------ Given data ------

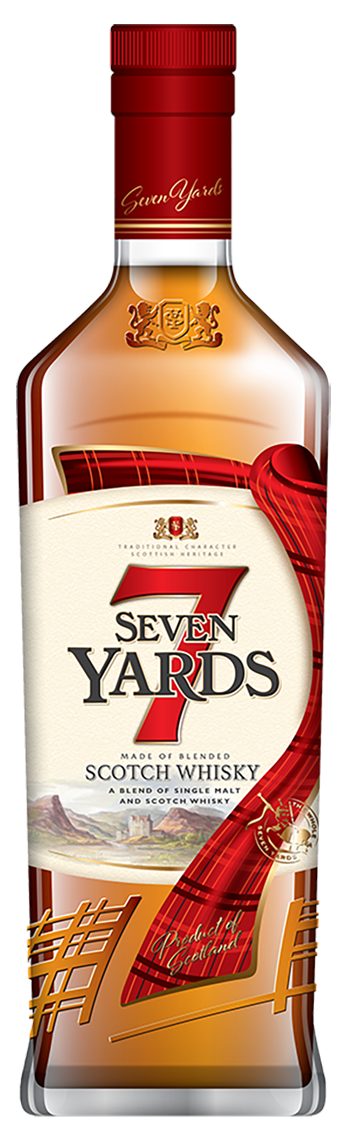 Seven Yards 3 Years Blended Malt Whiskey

------
------ Given data ------

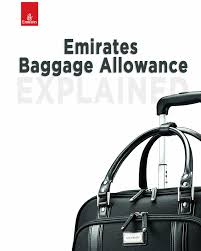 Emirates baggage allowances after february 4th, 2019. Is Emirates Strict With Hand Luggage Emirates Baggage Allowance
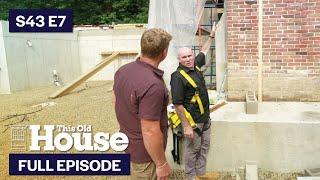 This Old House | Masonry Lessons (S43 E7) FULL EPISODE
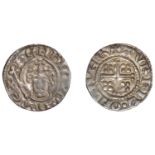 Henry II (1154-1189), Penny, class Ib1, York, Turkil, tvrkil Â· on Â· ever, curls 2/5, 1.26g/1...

------
------ Given data ------

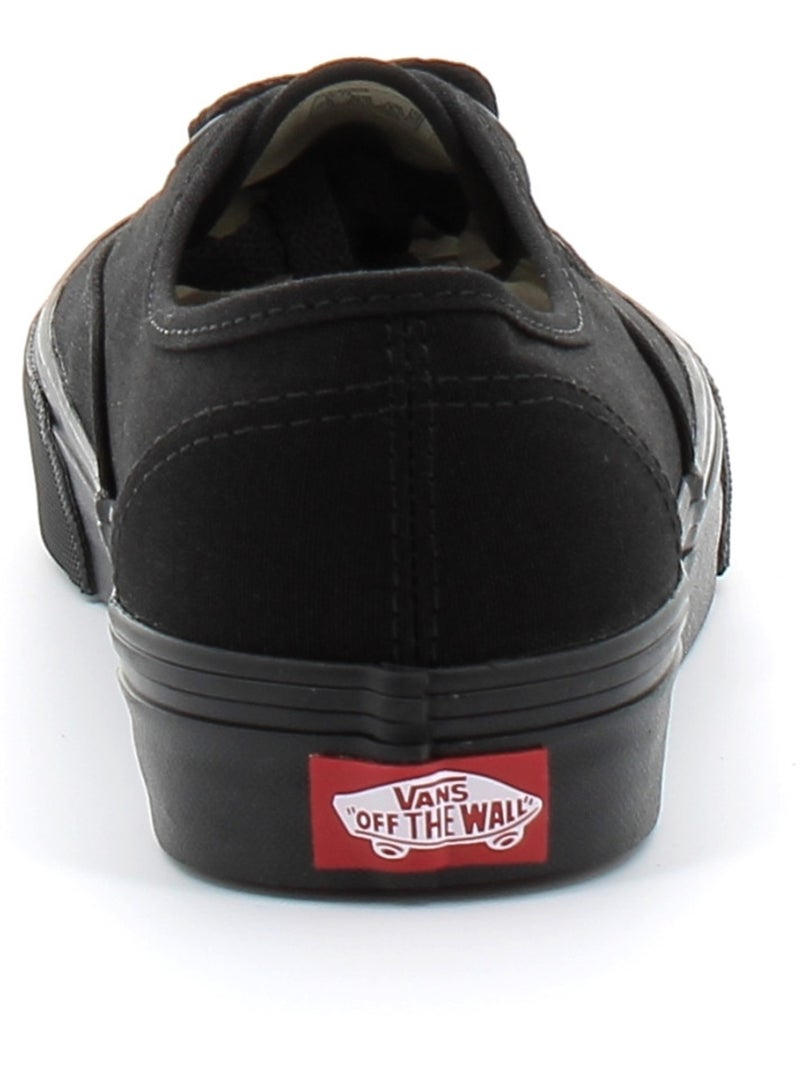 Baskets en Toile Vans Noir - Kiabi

------

## [Exercise prompt]
Repeat only the stretch of data above that runs from the line with "Emirates baggage allowances" to the line with "Henry II (1154-1189), Penny, class". Keep both end lines; exclude pictures.

## [Response]
 Emirates baggage allowances after february 4th, 2019. Is Emirates Strict With Hand Luggage Emirates Baggage Allowance
 This Old House | Masonry Lessons (S43 E7) FULL EPISODE
 Henry II (1154-1189), Penny, class Ib1, York, Turkil, tvrkil Â· on Â· ever, curls 2/5, 1.26g/1...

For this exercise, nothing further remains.